First off, I only had to research eight museums, as even though they advertised that there were ten museums that were participating, one of them had not yet opened (the African Museum of Art) and another (the Cooper Hewitt) is currently closed for renovation. But eight museums could still offer plenty in the three hours allotted for the Festival. So on to my research….
Since I have a membership to The Metropolitan Museum of Art, I decided I didn’t need to take advantage of the free access there. However, I still looked to see the current exhibits that I might need to go back to see another time. I will definitely have to get back there before August 19th to catch the Schiaparelli & Prada exhibit. Another exhibit, Dawn of Egyptian Art may be worth checking out before it closes on August 5th. Then there is Cloud City on the Roof, there until November 5th. Can’t miss that!
Now it was time for me to focus on the other museums in order to pick my targets for the evening. I focused on the current exhibitions at each museum and when they would be ending, to make sure I would catch them before they left, and assuming that I could get back to others that may still have a longer time left in their run. The three museums that I honed in on were:
- The Neue Galerie, with its Gustav Klimt exhibit due to leave on August 25th;
- The Guggenheim Museum had two exhibits of interest, one of which was going to end on June 13th the day after the Festival. It was an exhibit of the works of a woman photographer, Francesca Woodman so even though I wasn’t familiar with her, I didn’t want to miss it. While the other exhibition (the Thannhauser Collection of some of my favorites… Cézanne, Gauguin, Manet, Monet, Picasso, Pissarro, Renoir, and van Gogh) was an ongoing exhibition, I figured I would take it in while there; and
- The Museum of the City of New York, which had several exhibits of interest to me, including an exhibit about Manhattan’s Street Grid system (had been to see it before, but it was too much to absorb in one viewing) and Capital of Capital, about New York’s role in the creation of a global economy (ok, that might sound boring to some of you, but I worked in the finance industry for, well, for a long time, and so thought it might be interesting).
So, with those goals in mind, I set out for the Upper East Side to get my cultural fix. The rain did not stop me; nor did it stop the other folks who lined the sidewalks around the block at each museum to wait for their free glimpse of some of the best art and concentration of museums around. It didn’t stop my two friends, Phyllis and Nancy, who also joined me.

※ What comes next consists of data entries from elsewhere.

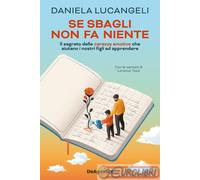 9791221206975 AA.VV. SE SBAGLI NON FA NIENTE IL POTERE DELLE DE AGOSTINI VARIA
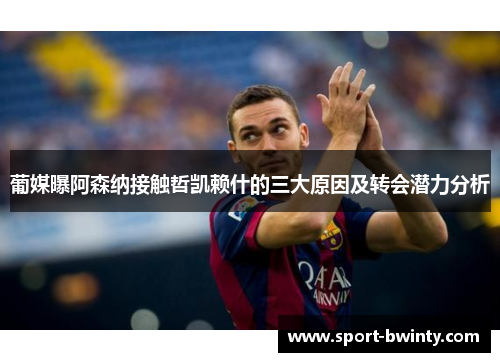 葡媒曝阿森纳接触哲凯赖什的三大原因及转会潜力分析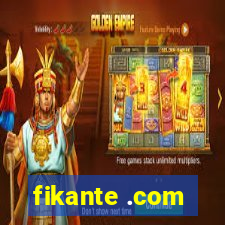 fikante .com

First stop, the Neue Gallerie. The wait in line was about 30 minutes or so, but seemed short since this was also a chance to catch up with friends. The Klimt exhibit was historic, with several of his important pieces, plus an intimate look at his long term relationship with his close companion, Emilie Floge. Next, on to the long line at the Guggenheim for another approximate 30 minute wait (who knows how long the lines would have been if it hadn’t been pouring down rain). But I’m really glad I had that one on the list. The photography by Francesca Woodman was phenomenal. I walked around in awe, wondering why I had never heard of her. It wasn’t until I was done viewing her works that I came across the board with her story. She had been an artist since she was 13. Most of the photographs shown were done between the ages of 18 and 22 years old. The work seemed to be much advanced for someone of that age. Then at 22, she committed suicide. Such a tragedy. I was glad I had chosen to come see her works.

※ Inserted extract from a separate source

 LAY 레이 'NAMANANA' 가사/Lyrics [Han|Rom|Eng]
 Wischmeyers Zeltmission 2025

And the Thannhauser Collection was an extra added benefit of stopping by the Guggenheim.
Then on to the Museum of the City of New York where there was no line (people were getting worn out by now). This is becoming one of my favorite museums. We spent the rest of our time at the Capital of Capital exhibit, and yes, the financial geek in me found it to be fascinating. The graph where they showed all of the banks as they merged into but a few (too big to fail) over the last 20 or so years was quite an eye opener. Now I’ll have to go back again to get another dose of the New York Grid exhibit , not to mention their “Activist New York” and “New York Paintings” (check out the one featured on their website of Grand Central Terminal) and “Reimagining the Waterfront” exhibits.
And I am anxiously awaiting the opening of the new Museum of African Art, which is still struggling to obtain the necessary funding to complete their new facility. They started construction in 2007, right on the verge of the financial meltdown, so have had some starts and stops with the development of their new building at 110th Street and Fifth Avenue. I’m rooting for them!

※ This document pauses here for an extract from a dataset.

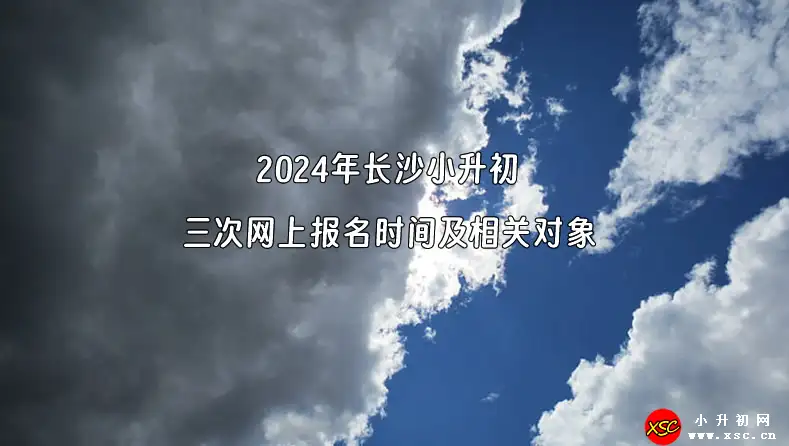 2024年长沙小升初三次网上报名时间及相关对象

The Museum Mile Festival was a great event to raise awareness as to the cultural offerings in this great city of New York. Many of the museums in New York also have other times when they are open for free, so check out their websites from the links in this post.
But…the Mile is just the tip of the iceberg of what is available throughout all of the five boroughs of New York, and I can’t close this post without mentioning one of my very favorites, the Brooklyn Museum of Art, in my own backyard.